E così, come una bolla di sapone, svanisce in un sol colpo il disegno con il quale il commissario ad acta della sanità, che poi è lo stesso presidente della Regione, aveva ipotizzato il sistema sanitario regionale. Un sistema, è evidente, che non ha convinto i dirigenti dei ministeri della salute e dell’economia, per i quali quelle predisposte da Frattura e dal suo staff non sono misure sufficienti per uscire dal pantano.

I conti non tornano, hanno osservato i tecnici al tavolo. Prima di tutto, è stato evidenziato, il piano da una parte dimostra il pareggio ma dall’altra non pianifica e non spiega in che modo vengono coperti i 210 milioni di euro di debiti, che il Molise ha accumulato negli anni. Oltre al pregresso, secondo lo staff Massicci, il piano operativo può essere ancora migliorato.

“Leggeremo nelle motivazioni – è stato il laconico commento di Paolo Frattura – cosa ci chiederanno di fare. Ma è chiaro – ha concluso il governatore – che questo nuovo schiaffone non ce lo aspettavamo e non prospetta nulla di positivo per il futuro”.

Il tavolo Massicci, ha peraltro confermato i presupposti per il commissariamento e il probabile arrivo di un soggetto terzo che dovrà mettere le mani nella sanità regionale.

Ancora più diretto il commento rilasciato dal sub commissario, Nicola Rosato, che non ha esitato a puntare il dito in un’altra direzione: “I cittadini – ha detto Rosato – i comitati e i giudici non hanno compreso che interferire in decisioni come quella che si sta discutendo a Roma finisce con il complicare le cose.
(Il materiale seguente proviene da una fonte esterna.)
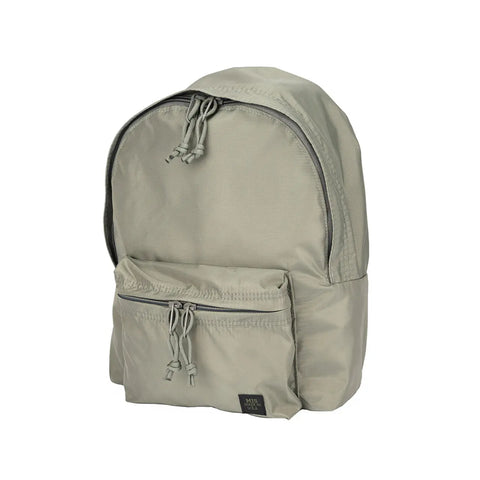 The MIS Daypack S - Foliage is a light gray, water-resistant nylon backpack with a large main compartment, front zippered pocket, adjustable shoulder straps, and matching fabric pulls, displayed on a white background.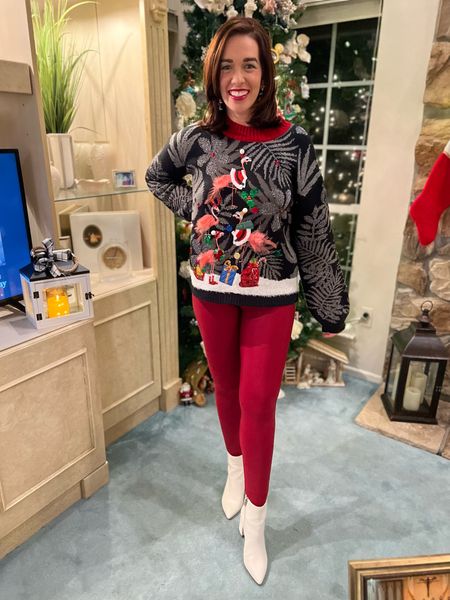 Flamingo Christmas sweater (size small). Red leggings (size small). White boots (size 8.5). #sweater #holidaysweater #christmassweater #holidaystyle #holidayfashion #holidayoutfit #redleggings #leggings #whiteboots #boots #winteroutfit #winteroutfits 

#LTKunder100 #LTKHoliday #LTKstyletip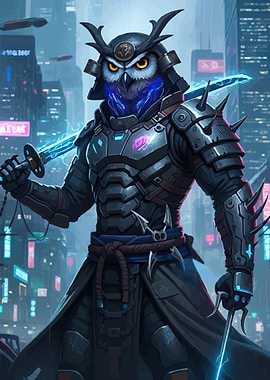 Cyberpunk Samurai Owl Warrior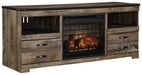 Trinell - 63" TV Stand With Glass/Stone Fireplace Insert - Brown Signature Design by Ashley®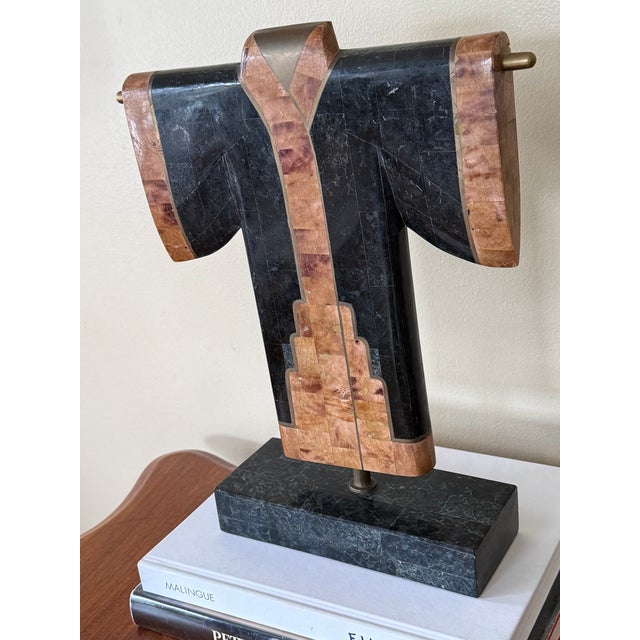 Contemporary 1980's Maitland-Smith Tessellated Stone Kimono With Inlaid Brass Banded Details For Sale - Image 3 of 10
Più si rinvia – è stata la conclusione – più aumenta il debito”.

Come se fino ad oggi tasse e tagli dei posti letto non le avessero subiti, cittadini e comitati. Questi ultimi, peraltro, hanno messo all’indice uno degli indicatori in particolare. Quello che lascia al pubblico poco più del 60 per cento dei posti letto, per creare al comparto privato una provvista che sfiora il 40 per cento. Un bilanciamento tra sanità privata e pubblica che naturalmente non piace a chi opera in quest’ultima e che ha alzato le barricate, chiedendo di rimettere in asse la bilancia, portando il rapporto almeno al 80 per cento pubblico e 20 privato, come accade in altre regioni.

La sensazione prevalente, ormai, è che il piano operativo debba rispondere a precise esigenze politiche, piuttosto che contabili e organizzative. Quelli che Rosati ha definito impedimenti alla buona riuscita del piano e ai ritardi che la loro interferenza comporta, si chiamano cittadini, medici, infermieri, sindaci. E, è bene ricordarlo, malati. Giovani o anziani che siano. Ed è a loro, prima di ogni altra cosa, che bisogna pensare quando un numero viene spostato a favore di un altro.